Thursday, 31 March 2011

Born 31 March 1972


Yes, it's my birthday.

And, this year, I have the excuse for a double celebration - because, as one wag felt the need to point out, I'm 18 and 21 again.

How depressing. 

No, wrong attitude - a celebration it must be! 

I kept my presents and cards until I returned from work (how middle-aged...sorry, we celebrate!) and they were great. 

A package from my mum was of particular note but I'll tell you all about that another time.

I also got a nice choccy birthday cake.  Oh, and Wee John has turned up (without even as much as a card).

A nice dinner is lined up for later.  But, before that, it's time for Charlotte and her daddy to have their bottles. 

Daddy may have more than one.

Wednesday, 30 March 2011

Smell your ma


Whilst Jamie continues his hit and miss approach to potty training, Vanessa and I have taken on yet another kiddie challenge. 

Because it's time to persuade Charlotte to take a bottle. 

And, so far, it's been far from easy.  

According to the books and parents who know more about these things than we do, it's apparently best for someone other than the mother to get this process underway.  

But bizarrely, they advise that this individual should try to smell like Mummy. 

Now, I've long stopped being self-conscious about any of these things and will do just about anything for an easy daddy life. 

Which is why, in the picture above, you can see me dressed in Vanessa's floaty cardigan, balancing used breast pads on my daughter.  

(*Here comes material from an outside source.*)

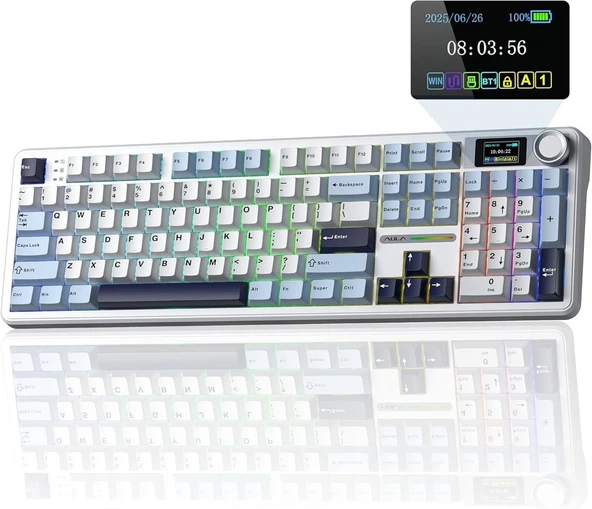 Aula F108 Ekranlı Mekanik Klavye Reaper Switch Rgb Swap 8000Mah Makrolu Klavyesi ürün görseli 1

As a result, Charlotte took two thirds of the milk on offer - and I had to be happy with that.  

But was she happy?

Turn on your speakers, click the play button below and you'll soon find out.

HP Sauce, anyone?


I stumbled across new HP Guinness Sauce in Asda last night, and immediately purchased a bottle. 

But, when I got home in a whirl of excitement, Vanessa calmly pointed out that I don't actually like HP Sauce. 

In fact, I loathe the stuff.

So why didn't I use my £1.50 to buy an actual can of Guinness, which I do like - lots? Or put the cash towards a nice fridge pack (which no self-respecting fridge should clearly be without)?

Sometimes I even worry myself.

Tuesday, 29 March 2011

Truth or dunce?


We took the kids to Pudsey Park on Sunday afternoon (not that three-month-old Charlotte did a lot of running around) and stumbled across the sign above.

It was the first time I had ever seen a multiple choice question answered with the use of a spray can.

And we didn't have far to walk for question number two. 


One out of two in my jotter.

Monday, 28 March 2011

He's taking the p***


Above you can see Jamie watching telly on Saturday afternoon.

Here he is from another angle.


And, by now, the more observant amongst you will have worked out the nature of the seat on which he's perched.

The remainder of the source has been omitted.